Indian Auditing Standards are issued by the ICAI and are drawn from the International Standards of Auditing, which are the global standards of auditing. There are further standards on quality controls and oversight.
The oversight mechanism includes peer review of a firm by another firm of chartered accountants approved by the Institute, and the Quality Review Board is entrusted to review quality of services, which include audit services, provided by a chartered accountant. All members of the ICAI are subject to disciplinary jurisdiction of the Institute.

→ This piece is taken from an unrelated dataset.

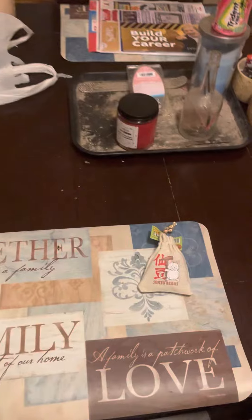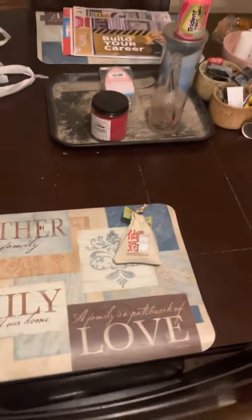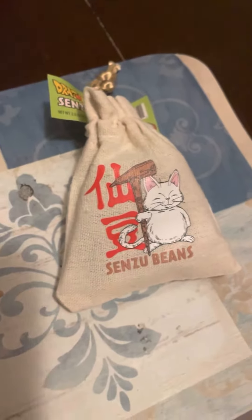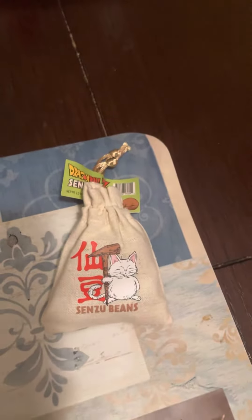All right, so I was at the arcade — it was a very fun time. I wish I had a video for it; I will eventually on my next visit. But we went to a candy store right near it and got ourselves some sensu beans. They're basically the thing that heals people in Dragon Ball — not just Dragon Ball Z, Dragon Ball. Let me see how it tastes. I'm keeping the bag for sure.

The Financial Reporting Review Board of the ICAI reviews a sample of financial reports for improvements.
The Securities and Exchange Board of India (SEBI), the Ministry of Company Affairs (MCA), the Reserve Bank of India (RBI), the Comptroller & Auditor General of India (CAG), the income-tax authorities, and so on, have an influence on the overall audit process conducted by an auditor.
The board and the independent directors of the company have, under Clause 49, a responsibility to review and question the auditors and the audit committee and the independent directors review the quality of auditors work every year before they are put up for reappointment. These gatekeepers make the process fairly robust, but it is in the details where the cracks appear.
What we need is not more regulations but a more streamlined and efficient system of regulatory and supervisory mechanism that performs effective oversight.
Audit is a deterrent but not a guarantee that no financial misstatements are embodied in a financial statement. It is very much like having law enforcement agents, but this does not guarantee that no crime will take place.